§ **Task goal**
Starting at the line that contains "Set of 4 Nico" and stopping at the line that contains "A modern, well-lit", restate each line of the records below exactly. Omit the pictures.

§ **Information**
==================================================

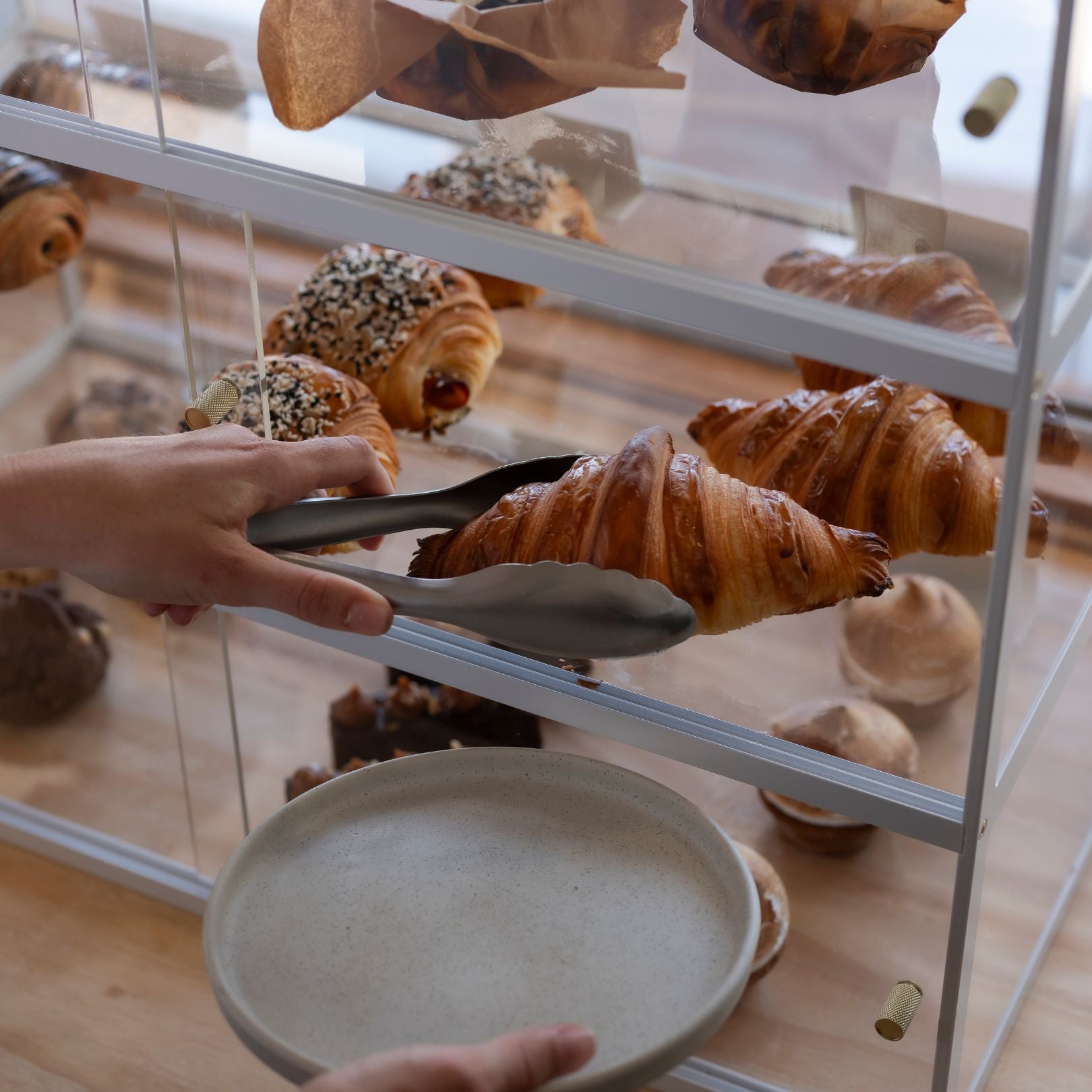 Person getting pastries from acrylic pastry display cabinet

==================================================

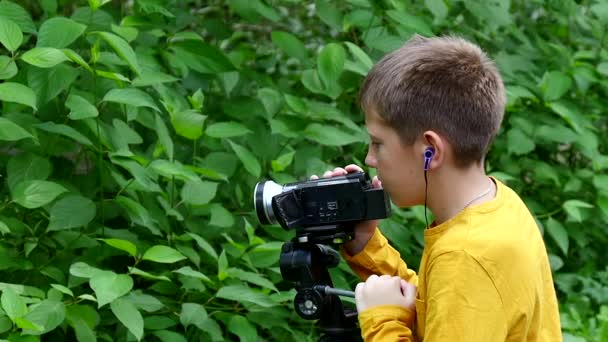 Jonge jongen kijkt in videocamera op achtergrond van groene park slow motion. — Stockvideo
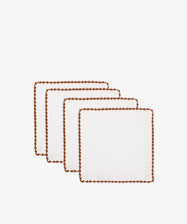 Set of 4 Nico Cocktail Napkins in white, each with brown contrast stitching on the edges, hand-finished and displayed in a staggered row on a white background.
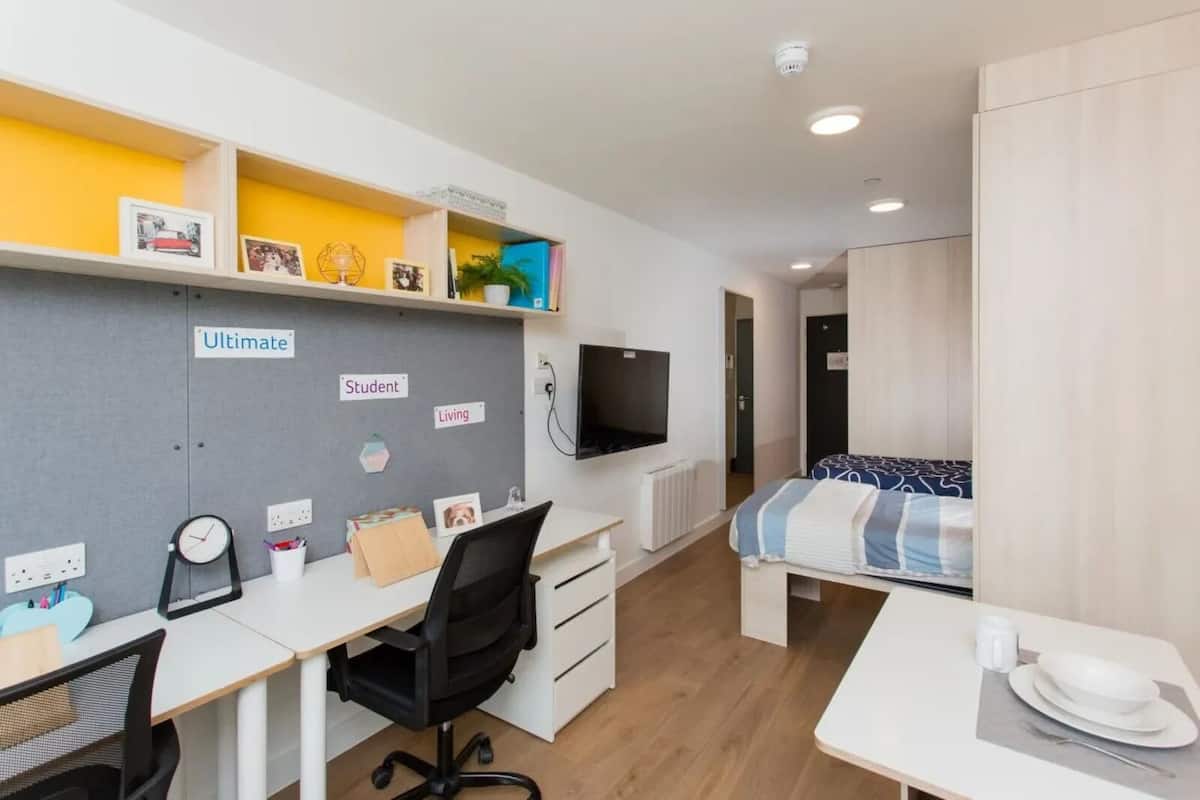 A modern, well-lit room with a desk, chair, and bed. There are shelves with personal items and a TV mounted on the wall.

==================================================

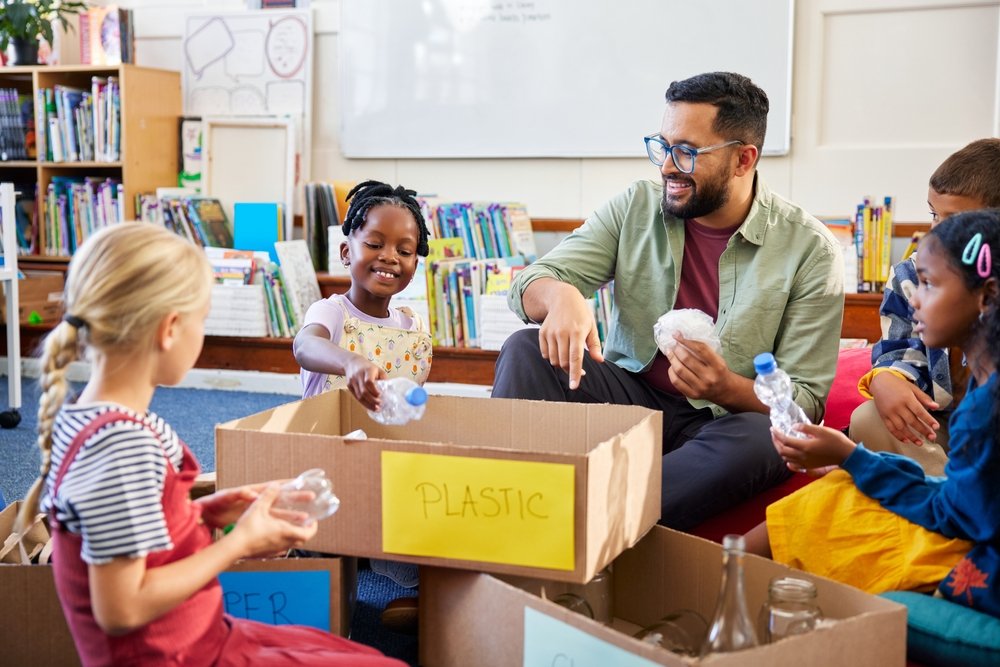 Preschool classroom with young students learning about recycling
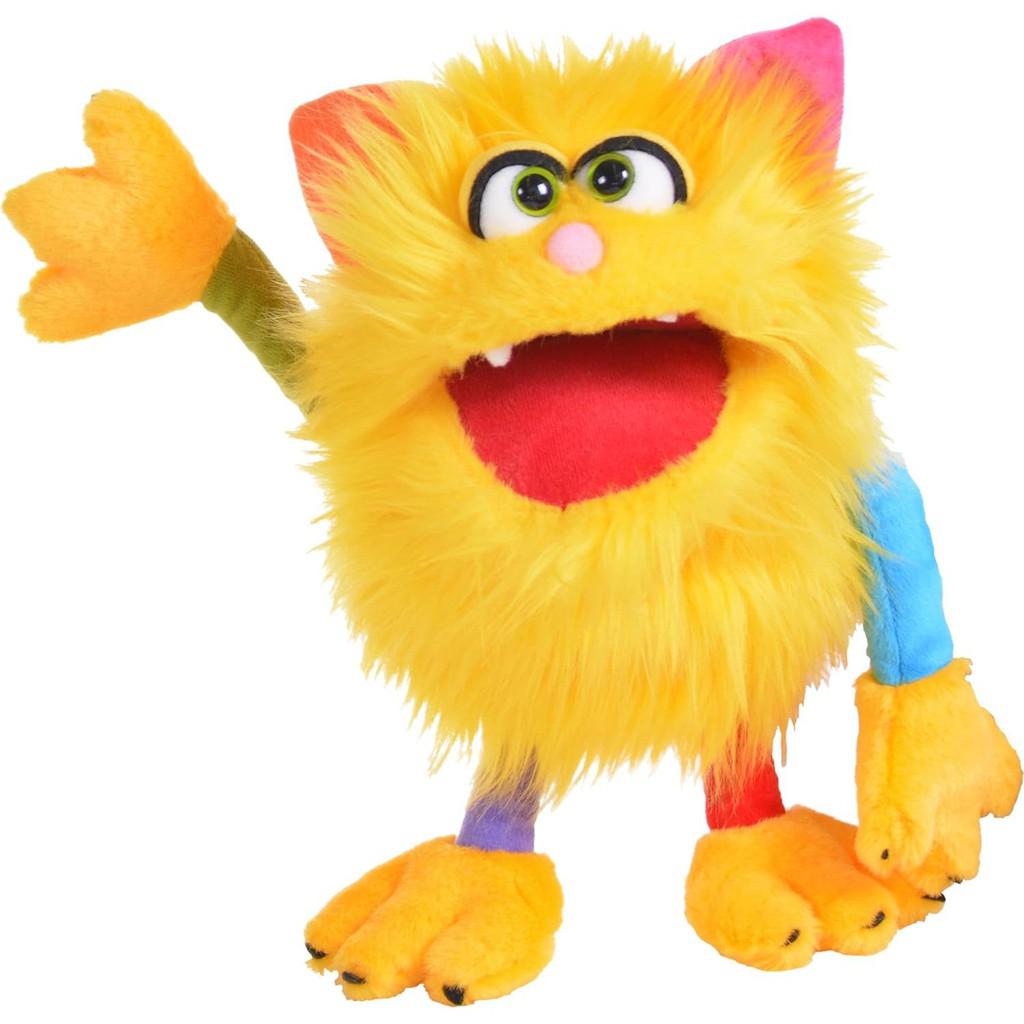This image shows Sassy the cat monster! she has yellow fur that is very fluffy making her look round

==================================================

§ **Written response**
 Set of 4 Nico Cocktail Napkins in white, each with brown contrast stitching on the edges, hand-finished and displayed in a staggered row on a white background.
 A modern, well-lit room with a desk, chair, and bed. There are shelves with personal items and a TV mounted on the wall.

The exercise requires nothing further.